#### Task objective:
Could you please retype all of the records exactly, skipping any pictures?

[Stored data]
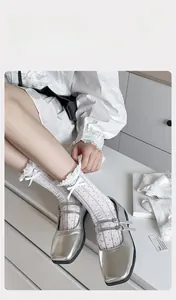 Detail of white cotton mid-calf socks with sweet ribbon bow and ruffled elastic cuffs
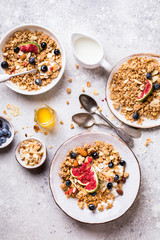 Muesli with Nuts Yogurt and fresh Figs Blueberry on the gray Background.Granola Healthy Breakfast. Sweet food Dessert. Snack  Dry Diet Nutrition Concept.Top View. Flat Lay.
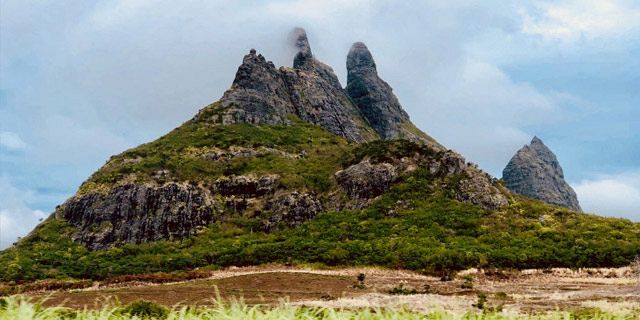 Trois Mamelles Mountain Hiking trail in Mauritius featuring rugged peaks scenic landscapes and breathtaking panoramic views.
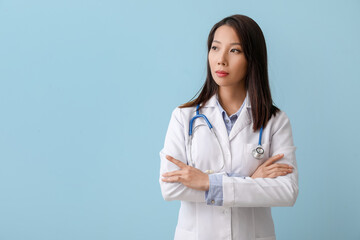 Female Asian doctor on blue background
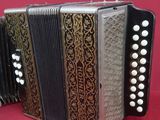 an image of a close up of an accordion on a red background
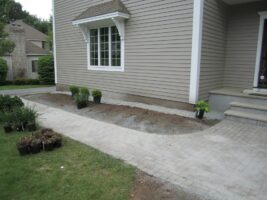 Residential landscaping project featuring a paved walkway leading to a home, with freshly planted shrubs and plants arranged along the path, showcasing McLeod Landscaping's design and construction services.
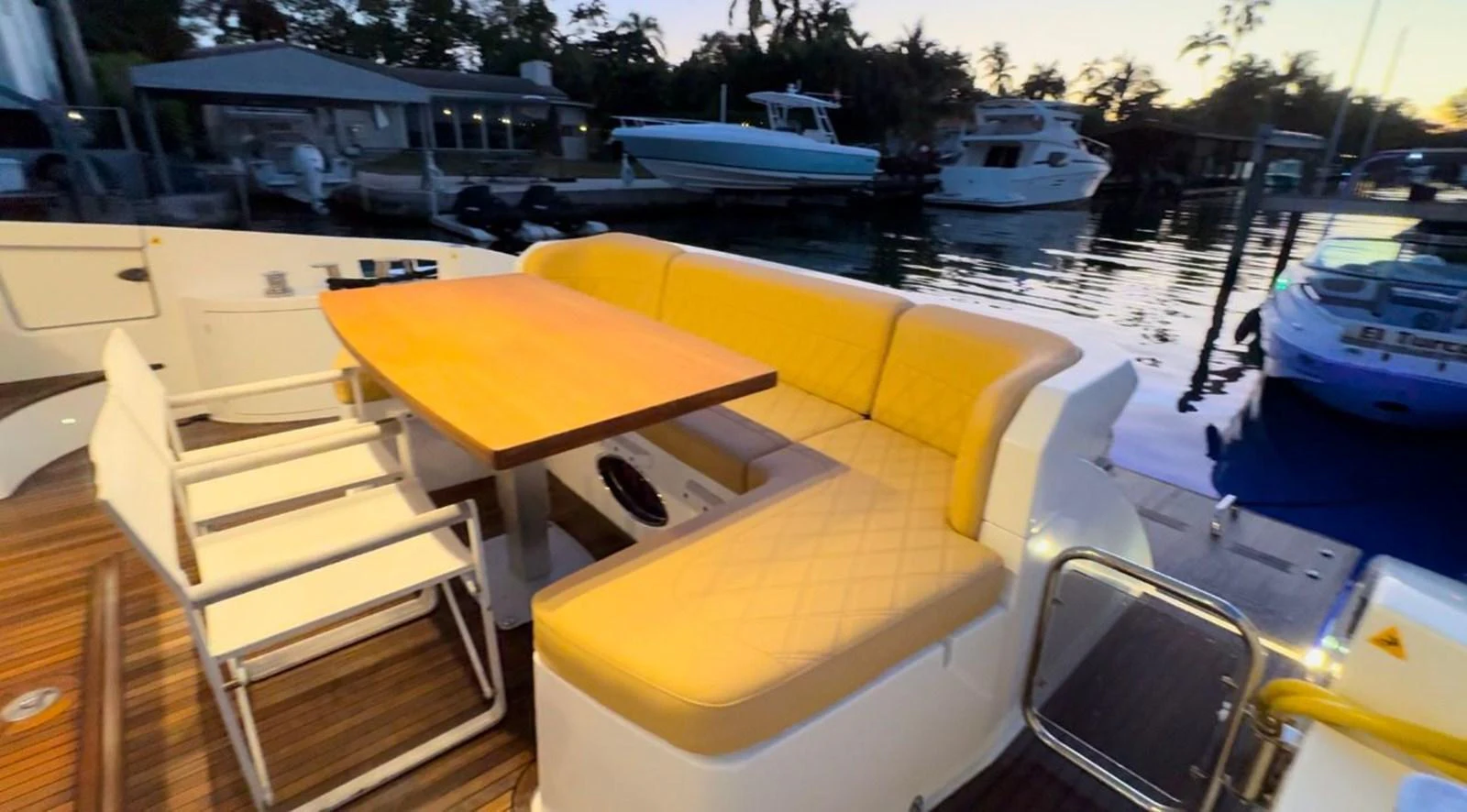 The aft deck features a comfortable seating area with a dining table, perfect for alfresco dining. aboard TARKAN Yacht for Sale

#### Response below:
 Detail of white cotton mid-calf socks with sweet ribbon bow and ruffled elastic cuffs
 Muesli with Nuts Yogurt and fresh Figs Blueberry on the gray Background.Granola Healthy Breakfast. Sweet food Dessert. Snack  Dry Diet Nutrition Concept.Top View. Flat Lay.
 Trois Mamelles Mountain Hiking trail in Mauritius featuring rugged peaks scenic landscapes and breathtaking panoramic views.
 Female Asian doctor on blue background
 an image of a close up of an accordion on a red background
 Residential landscaping project featuring a paved walkway leading to a home, with freshly planted shrubs and plants arranged along the path, showcasing McLeod Landscaping's design and construction services.
 The aft deck features a comfortable seating area with a dining table, perfect for alfresco dining. aboard TARKAN Yacht for Sale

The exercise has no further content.